I have a table in a HTML form. It has a fixed height for optical reasons. The number of rows in the table varies depending on the number of form fields available.

Problem: If there are very few rows, all rows are stretched vertically, increasing the space between input elements.

I could avoid this by giving the data rows a (fake) fixed height. I don't like that approach because there is no fixed height I could give it (relative font sizes, accessibility) and I fear future problems - say for example that IE9 decides to take cell heights literally.

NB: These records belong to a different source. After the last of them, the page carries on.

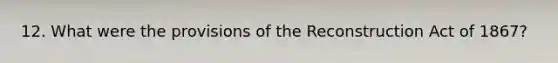 12. What were the provisions of the Reconstruction Act of 1867?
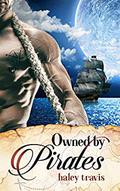 Owned by Pirates by Haley Travis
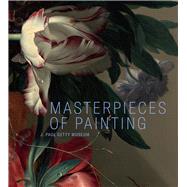 Masterpieces of Painting by Allan, Scott; Gasparotto, Davide; Kerber, Peter Bjrn; Woollett, Anne T., 9781606065792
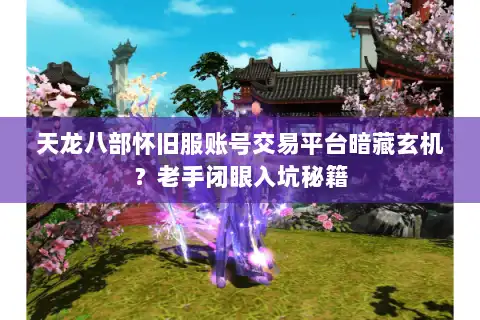 天龙八部怀旧服账号交易平台暗藏玄机?老手闭眼入坑秘籍 天龙八部怀旧服账号交易平台暗藏玄机?老手闭眼入坑秘籍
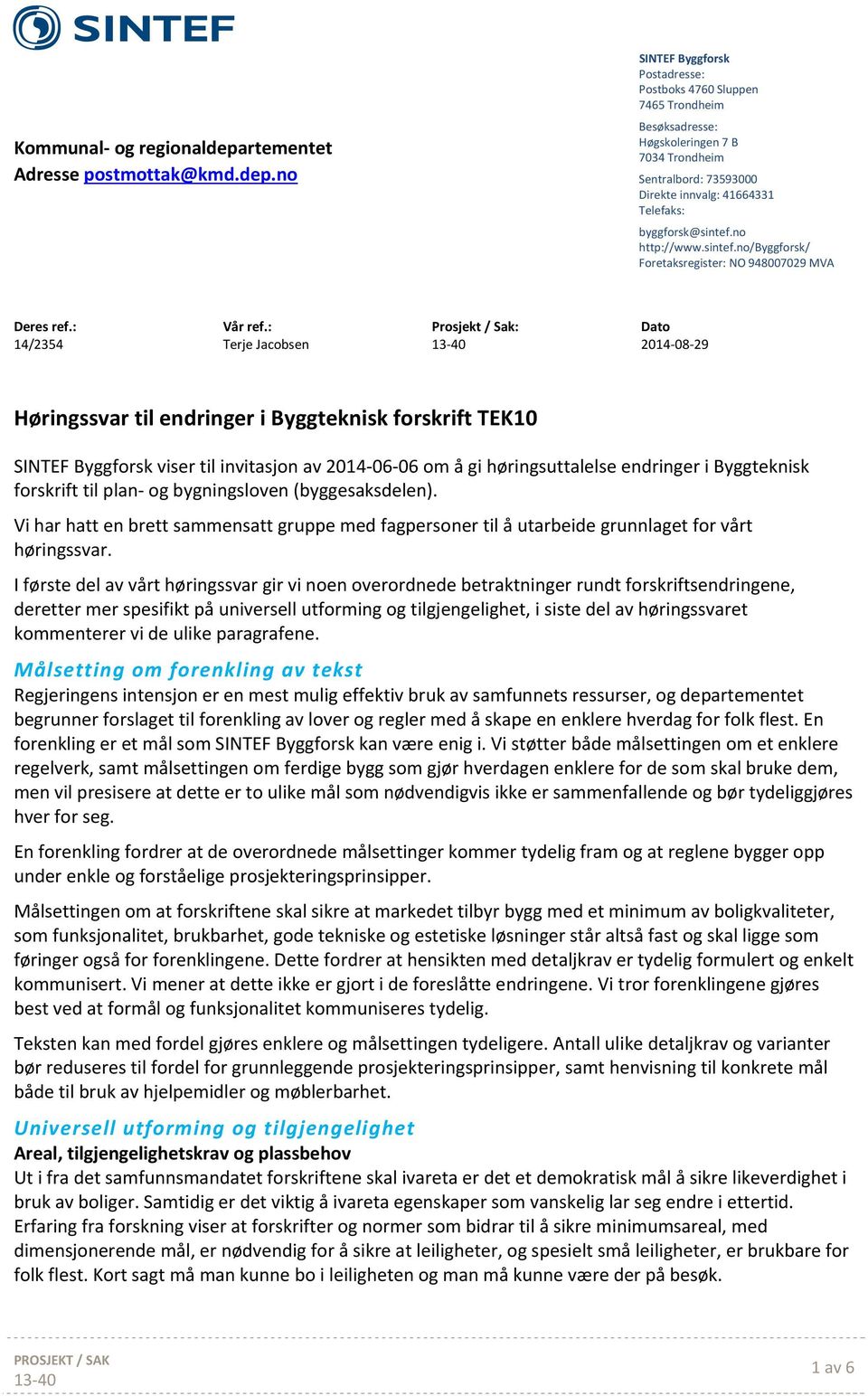 no SINTEF Byggforsk Postadresse: Postboks 4760 Sluppen 7465 Trondheim Besøksadresse: Høgskoleringen 7 B 7034 Trondheim Sentralbord: 73593000 Direkte innvalg: 41664331 Telefaks: byggforsk@sintef.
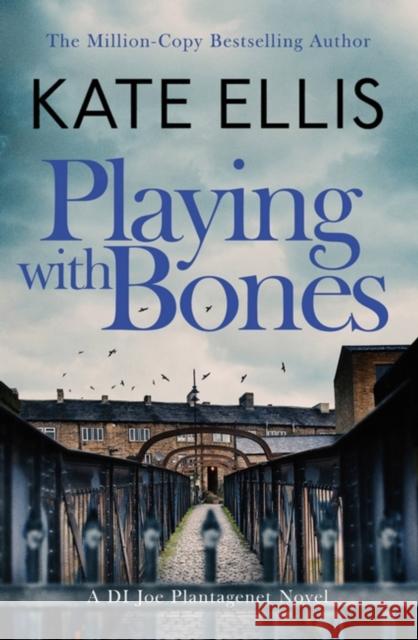 Playing With Bones: Book 2 in the DI Joe Plantagenet crime series Kate Ellis 9780349434919 Little, Brown Book Group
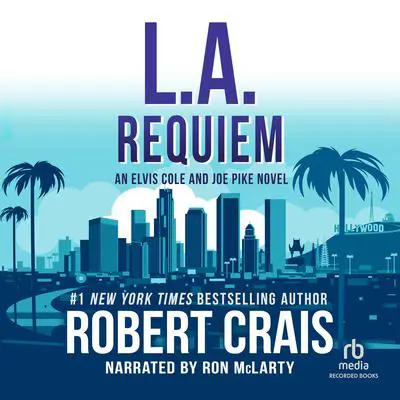 L.A. Requiem Audibook, by Robert Crais
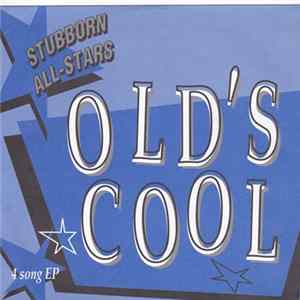Stubborn All-Stars - Old's Cool (4 Song EP) FLAC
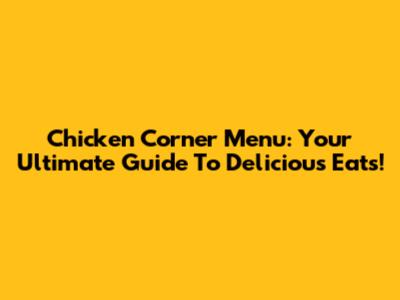 Chicken Corner Menu: Your Ultimate Guide To Delicious Eats!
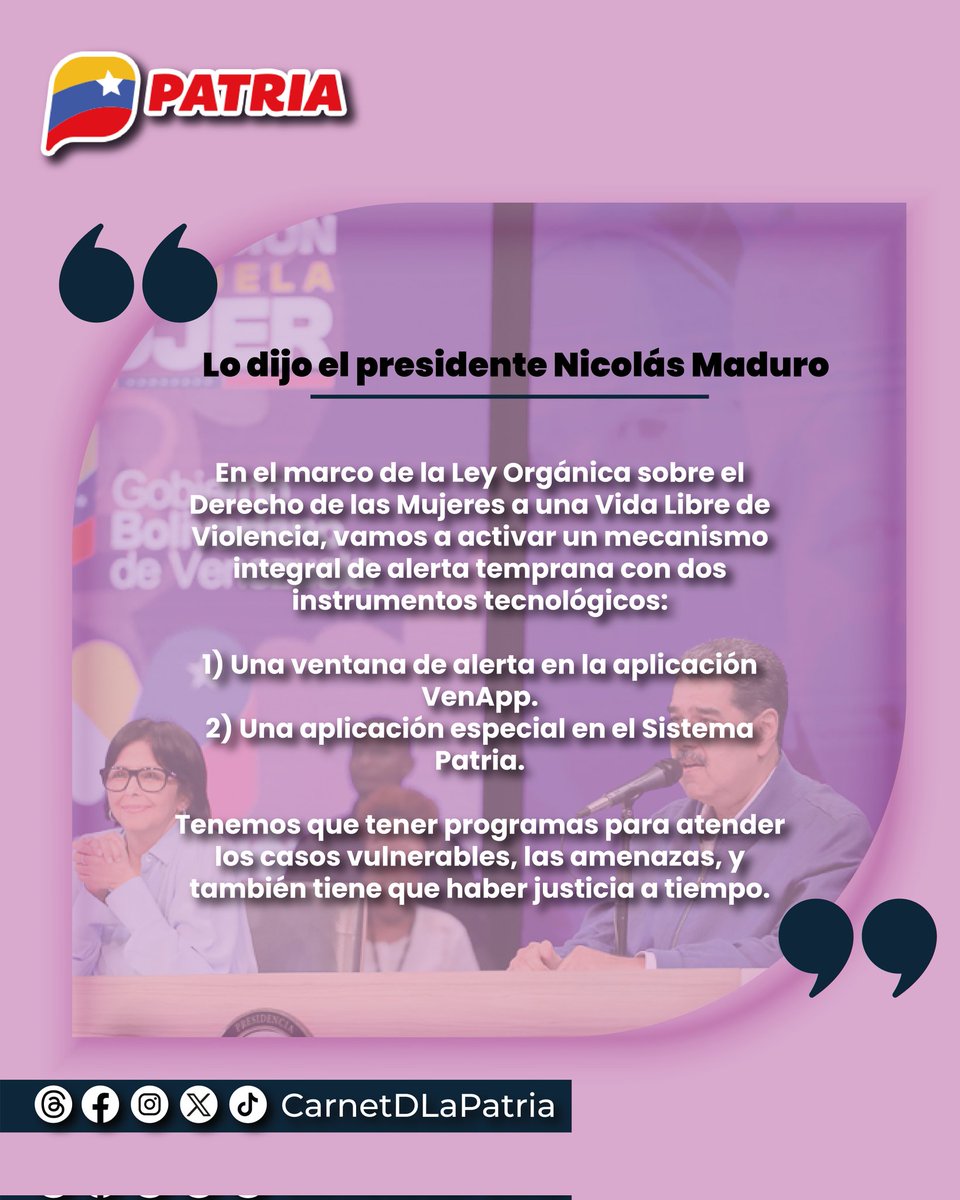 CarnetDLaPatria's tweet photo. #AsiLoDijo Nuestro Pdte. @NicolasMaduro: "En el marco de la Ley Orgánica sobre el Derecho de las Mujeres a una Vida Libre de Violencia, activaremos un mecanismo integral de alerta con dos instrumentos tecnológicos"

A través de VenApp y el #SistemaPatria.

#SíPorElE5equibo #6Nov https://t.co/CYidOSXOu2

What can I do? I have a last (empty) row but no idea what to put in there so that it automatically occupies all "available" space.

A: 

Couldn't you set the cell height to 100% for the last empty row, this should presumably cause that last row to take up the rest of the fixed space

Breadtruck
I'm pretty sure it will take up one page (or viewport) height in Internet Explorer - probably won't work.
Pekka
A: 

I guess this is not doable.

Pekka
+1  A: 

Put heightless table in a div with a fixed height which mimics the table (border? bgcolor?).

By the way, just doing tbody { display: inline; } instead of an empty row works in all real browsers. No, not in MSIE. The tbody element has a lot of shortcomings in MSIE. It also lacks the ability to overflow: scroll; which would be great to have a scrollable table with a fixed header.